In a way it has been as simple as the title suggests. A year or so ago my life was centered and preoccupied with worry, anxiety and depression. When I was going to go do something all I could focus on was what part of it I didn’t like. But now I have slowly come around to fixating on the fun things and exciting things I have to look forward to. And this is not just for big events, it is every day life.
A big part of it is adding things I love back into my life. And then finding ways to enjoy them more. And then slowing down to appreciate the little pieces of fun that crop up from unexpected places. For example, the other night I was putting Emily to bed, which is a daily ritual. And it was full of the usual little annoyances, little time wasters to put off the moment of turning off the light: where is my stuffed animal, changing into PJ’s, can you get me this etc. But when I finally got her in bed and then leaned down to give her a kiss, I gave her a little tickle session, taking a second to savor the giggles. That wiped away the frustration of all those little delays.
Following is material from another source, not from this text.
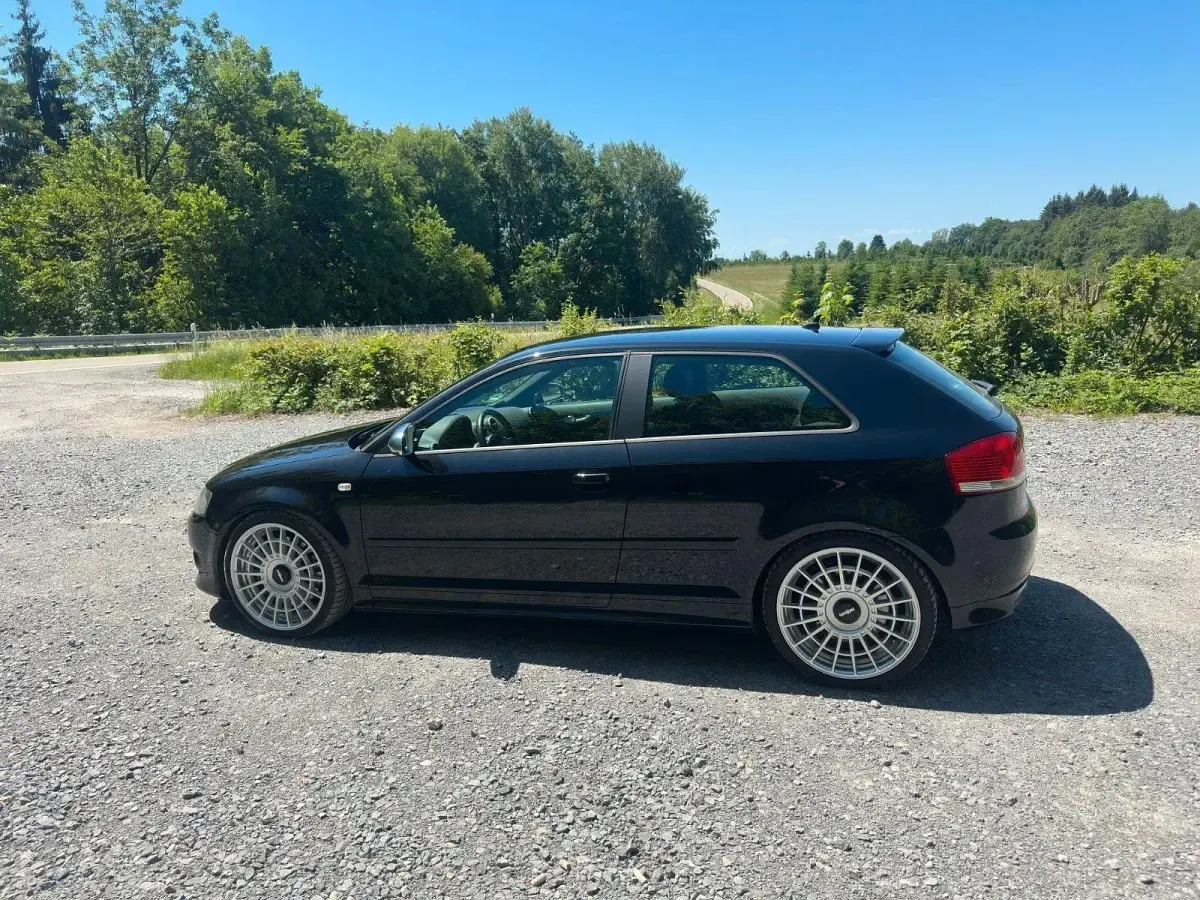 Gebraucht Audi S3 Sport 265 PS (194 kW) 2007 Schwarz Kleinwagen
An example of adding things back into my life is role playing, painting, and possible miniatures games. This weekend is my Denver game, and I have been looking forward to this for four weeks! The wasn’t much of that in my life a year ago. I liked running, and the races were a challenge, but they were more milestones to be crossed, not events to get excited about. But this, this I can really get excited about. I am more productive with my writing because of this, which is something I also enjoy doing.
Another example, the new Games Workshop edition of Fantasy table top game. And for the first time in a while I am actually excited and interested in this. So yesterday I was printing out the rules and army lists and getting excited about building forces and then taking the rules home to show Jimmy and Kim. And then teaching the boys how to play the game at home. There are truly so many exciting things to do now, and I get to share them with other people in my life.
Heck I am even kind of excited about getting into some different exercises soon. It won’t be the same as running, it will be different, but it is something different to look forward to. So long as I make sure to not let that consume my life again.
In that is the real key. Find good things to look forward to, that give me joy and I get excited about. But get as many of them as possible, instead of having just the one thing that gives me joy. And then when I go to something, be it work, home from work, a big family event, scout event etc. Find something in that to look forward to, and use that to replace any anxiety I am feeling about the pending event.